EXERCISE DIRECTIONS:
Every line in the records below between the one holding "Quantrill's Raiders in Texas" and the one holding "It's not all", inclusive, is to be set down exactly; all other lines are to be left out.

--- INFORMATION GIVEN Enclosed Below ---

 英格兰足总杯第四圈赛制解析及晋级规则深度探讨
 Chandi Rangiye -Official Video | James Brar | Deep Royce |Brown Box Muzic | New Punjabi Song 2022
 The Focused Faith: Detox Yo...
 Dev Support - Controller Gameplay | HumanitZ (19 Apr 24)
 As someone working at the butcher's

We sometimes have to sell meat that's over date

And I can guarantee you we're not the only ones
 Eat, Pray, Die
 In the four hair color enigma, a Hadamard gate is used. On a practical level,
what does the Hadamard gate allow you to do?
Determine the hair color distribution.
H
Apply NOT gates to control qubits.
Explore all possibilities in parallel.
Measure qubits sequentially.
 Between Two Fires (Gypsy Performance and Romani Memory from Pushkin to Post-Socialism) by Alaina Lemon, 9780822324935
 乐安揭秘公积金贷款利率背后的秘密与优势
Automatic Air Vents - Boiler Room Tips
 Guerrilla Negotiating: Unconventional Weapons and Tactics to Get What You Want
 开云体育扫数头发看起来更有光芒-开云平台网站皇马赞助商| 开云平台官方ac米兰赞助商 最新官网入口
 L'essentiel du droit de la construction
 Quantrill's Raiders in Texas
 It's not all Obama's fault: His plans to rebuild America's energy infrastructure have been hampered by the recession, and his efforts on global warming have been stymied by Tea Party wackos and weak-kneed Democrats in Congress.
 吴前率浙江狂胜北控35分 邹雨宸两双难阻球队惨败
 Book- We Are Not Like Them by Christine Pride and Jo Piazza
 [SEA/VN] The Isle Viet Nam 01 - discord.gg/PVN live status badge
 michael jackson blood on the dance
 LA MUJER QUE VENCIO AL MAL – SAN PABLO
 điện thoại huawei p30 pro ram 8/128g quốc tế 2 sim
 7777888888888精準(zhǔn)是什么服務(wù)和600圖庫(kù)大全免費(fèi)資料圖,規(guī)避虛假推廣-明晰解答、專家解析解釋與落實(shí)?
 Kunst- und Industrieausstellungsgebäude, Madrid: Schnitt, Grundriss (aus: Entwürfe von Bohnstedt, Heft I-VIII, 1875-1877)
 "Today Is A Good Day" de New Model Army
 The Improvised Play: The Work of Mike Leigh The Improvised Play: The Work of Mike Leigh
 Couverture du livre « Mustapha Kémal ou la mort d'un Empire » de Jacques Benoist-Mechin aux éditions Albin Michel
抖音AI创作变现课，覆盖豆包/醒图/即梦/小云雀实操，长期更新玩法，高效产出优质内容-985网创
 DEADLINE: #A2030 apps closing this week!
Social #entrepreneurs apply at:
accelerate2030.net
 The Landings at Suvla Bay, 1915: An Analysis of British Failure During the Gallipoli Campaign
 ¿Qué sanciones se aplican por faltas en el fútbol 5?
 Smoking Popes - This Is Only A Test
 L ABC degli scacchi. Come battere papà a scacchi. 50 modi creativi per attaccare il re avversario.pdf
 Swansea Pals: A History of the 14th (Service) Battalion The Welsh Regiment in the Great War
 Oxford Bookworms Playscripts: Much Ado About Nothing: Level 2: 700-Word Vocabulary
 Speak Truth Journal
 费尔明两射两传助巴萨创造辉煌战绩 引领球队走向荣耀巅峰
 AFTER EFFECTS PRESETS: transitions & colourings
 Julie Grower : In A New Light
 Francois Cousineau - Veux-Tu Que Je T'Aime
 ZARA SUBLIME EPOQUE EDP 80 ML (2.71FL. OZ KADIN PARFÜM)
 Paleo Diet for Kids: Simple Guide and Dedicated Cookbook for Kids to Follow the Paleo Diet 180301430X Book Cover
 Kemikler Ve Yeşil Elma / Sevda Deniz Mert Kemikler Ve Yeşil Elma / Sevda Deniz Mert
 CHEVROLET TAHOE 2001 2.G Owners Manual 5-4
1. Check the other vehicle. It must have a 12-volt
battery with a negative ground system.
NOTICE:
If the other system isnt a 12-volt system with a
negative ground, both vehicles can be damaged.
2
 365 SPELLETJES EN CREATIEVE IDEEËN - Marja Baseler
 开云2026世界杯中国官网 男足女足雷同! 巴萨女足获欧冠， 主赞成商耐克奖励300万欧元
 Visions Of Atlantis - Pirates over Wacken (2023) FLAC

--- End of Enclosed INFORMATION GIVEN ---

RESPONSE:
 Quantrill's Raiders in Texas
 It's not all Obama's fault: His plans to rebuild America's energy infrastructure have been hampered by the recession, and his efforts on global warming have been stymied by Tea Party wackos and weak-kneed Democrats in Congress.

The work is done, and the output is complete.